Saved data entries:
-=-=-=-=-
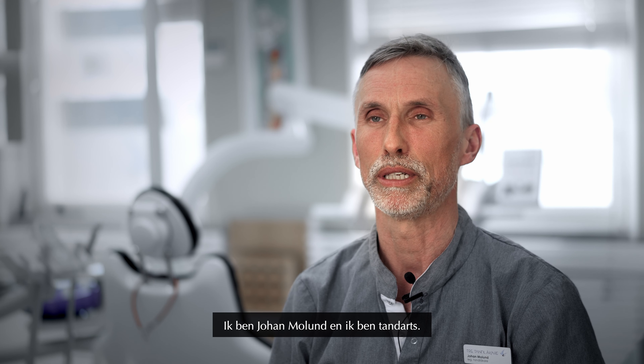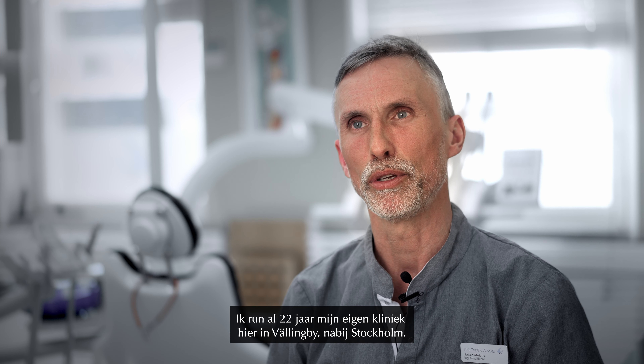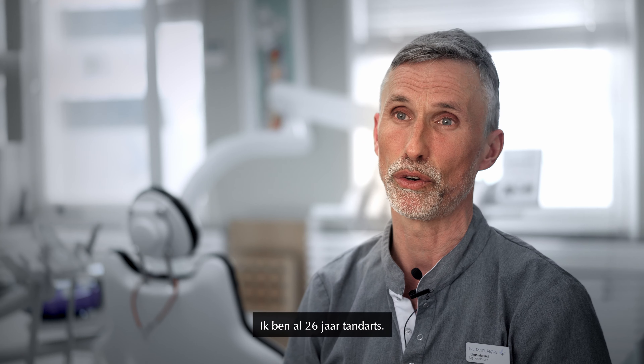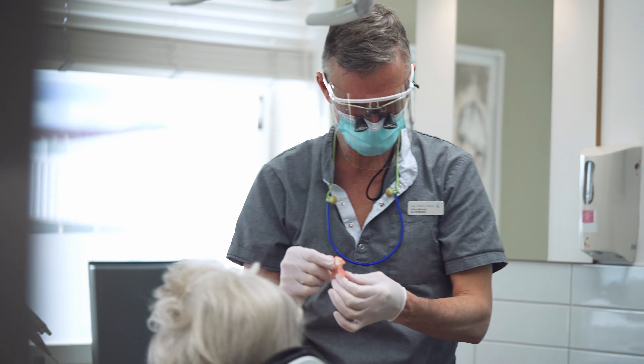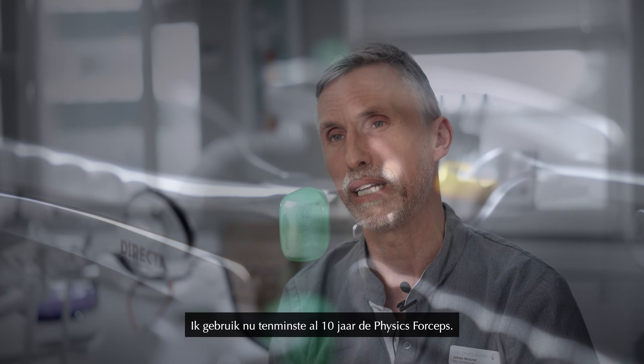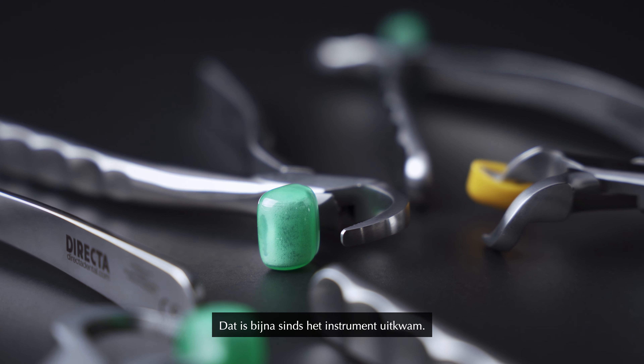My name is Johan Molund. I'm a dentist. I'm running my own clinic here in Vällingby, Stockholm for the last 22 years. I've been a dentist for 26 years. I've been using the Physic forceps for at least 10 years, almost since they started coming out.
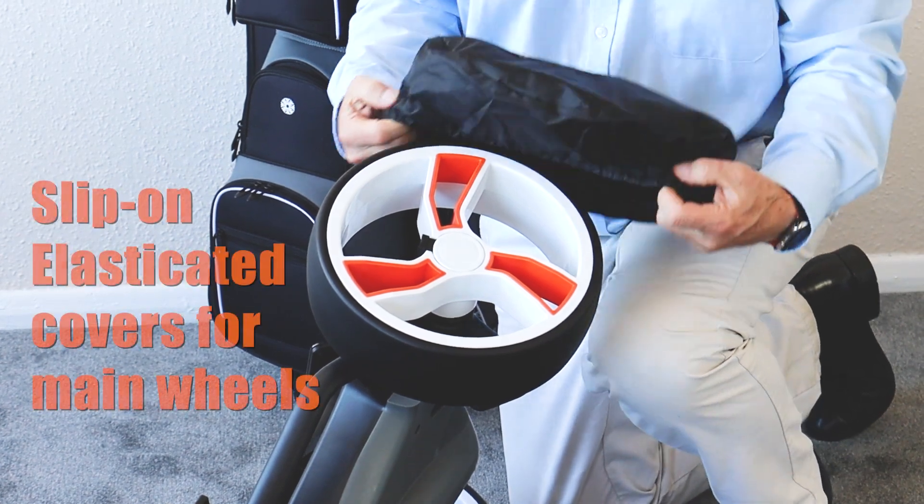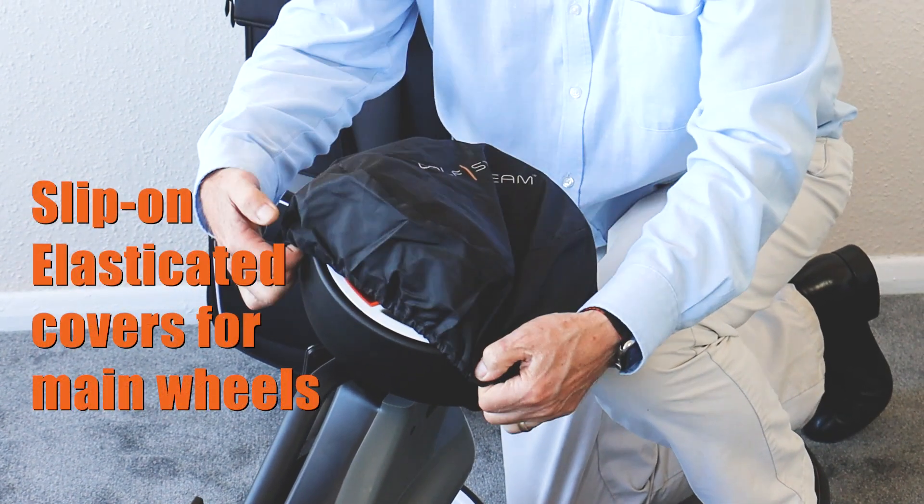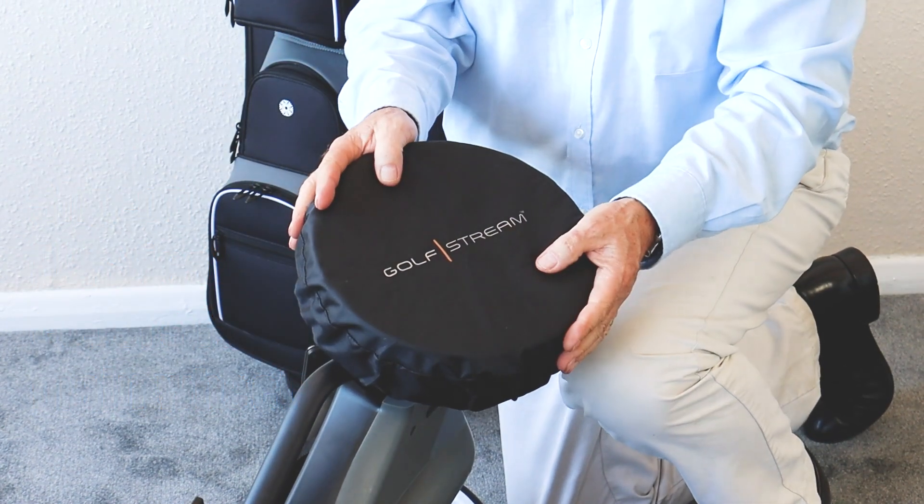There are two main wheel covers that simply slip on — elasticated, nice and simple, ready to go.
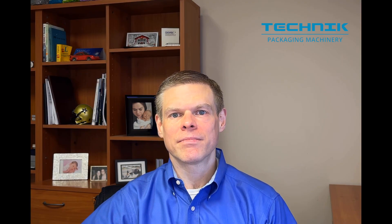Hey y'all, welcome back to Technique. I'm Lane Flynn, your packaging expert. We've been talking about ways to help you save money on your packaging. In this set of videos, we're talking about how to help you save money on your packaging projects.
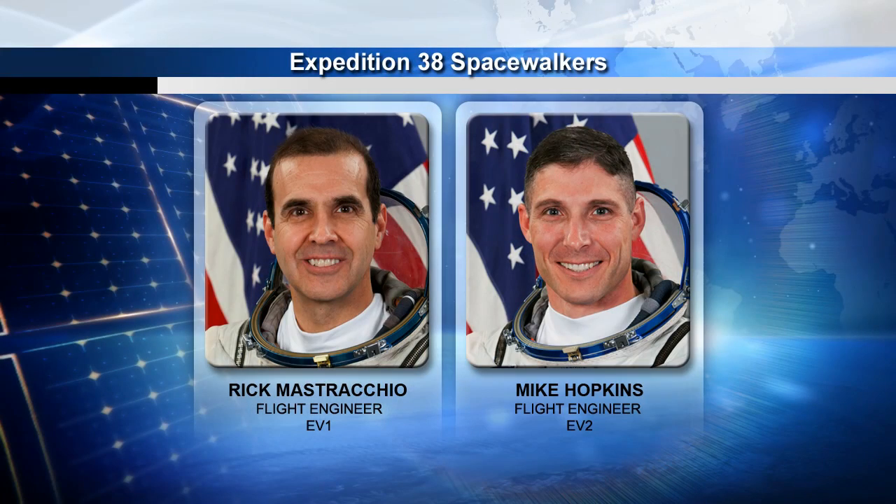We can go ahead and start talking about the details of the spacewalks. If we can show the first graphic — there are our spacewalking crew members. We have Rick Mastracchio, who comes to us with six spacewalks under his belt, making him a very experienced spacewalker. He will serve the EV1, or lead spacewalker role, for EVAs 1 and 2.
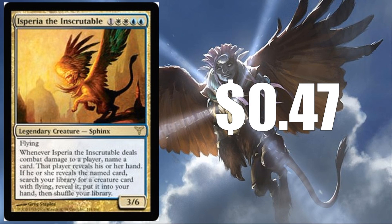Isperia the Inscrutable at $0.47 — this is from Dissension and has never seen a reprint. It's an interesting card so maybe it gets a reprint here finally, but financially it's not a big card and I don't really see it coming in as an uncommon.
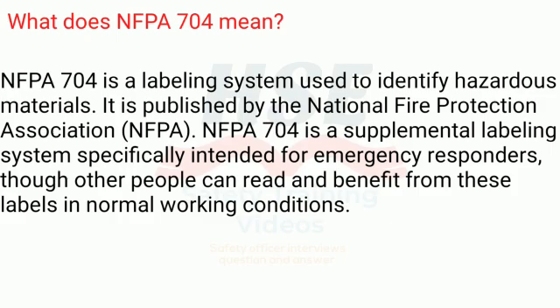What does NFPA 704 mean? NFPA 704 is a labeling system used to identify hazardous materials, published by the National Fire Protection Association. It is a supplemental labeling system specifically intended for emergency responders, though other people can read and benefit from these labels in normal working conditions.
-=-=-=-=-
Quote precisely the lines of the data from the line containing "Isperia the Inscrutable" through its final line, both included, excluding pictures.

Isperia the Inscrutable at $0.47 — this is from Dissension and has never seen a reprint. It's an interesting card so maybe it gets a reprint here finally, but financially it's not a big card and I don't really see it coming in as an uncommon.
What does NFPA 704 mean? NFPA 704 is a labeling system used to identify hazardous materials, published by the National Fire Protection Association. It is a supplemental labeling system specifically intended for emergency responders, though other people can read and benefit from these labels in normal working conditions.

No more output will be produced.